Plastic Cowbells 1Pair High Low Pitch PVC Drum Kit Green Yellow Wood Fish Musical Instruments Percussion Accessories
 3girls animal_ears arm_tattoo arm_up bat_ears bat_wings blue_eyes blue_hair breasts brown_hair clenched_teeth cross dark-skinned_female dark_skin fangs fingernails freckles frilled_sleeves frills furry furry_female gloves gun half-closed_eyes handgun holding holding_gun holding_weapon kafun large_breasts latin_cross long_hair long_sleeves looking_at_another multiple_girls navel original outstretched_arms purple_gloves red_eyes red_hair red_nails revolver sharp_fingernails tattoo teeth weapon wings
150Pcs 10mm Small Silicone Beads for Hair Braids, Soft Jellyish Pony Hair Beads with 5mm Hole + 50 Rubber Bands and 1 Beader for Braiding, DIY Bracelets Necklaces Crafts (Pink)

> _Aim of the task_
Everything from the line with "3girls animal_ears arm_tattoo" to the end of the listing above needs to be duplicated exactly, both end lines included, with nothing more.

> _Exercise response_
 3girls animal_ears arm_tattoo arm_up bat_ears bat_wings blue_eyes blue_hair breasts brown_hair clenched_teeth cross dark-skinned_female dark_skin fangs fingernails freckles frilled_sleeves frills furry furry_female gloves gun half-closed_eyes handgun holding holding_gun holding_weapon kafun large_breasts latin_cross long_hair long_sleeves looking_at_another multiple_girls navel original outstretched_arms purple_gloves red_eyes red_hair red_nails revolver sharp_fingernails tattoo teeth weapon wings
150Pcs 10mm Small Silicone Beads for Hair Braids, Soft Jellyish Pony Hair Beads with 5mm Hole + 50 Rubber Bands and 1 Beader for Braiding, DIY Bracelets Necklaces Crafts (Pink)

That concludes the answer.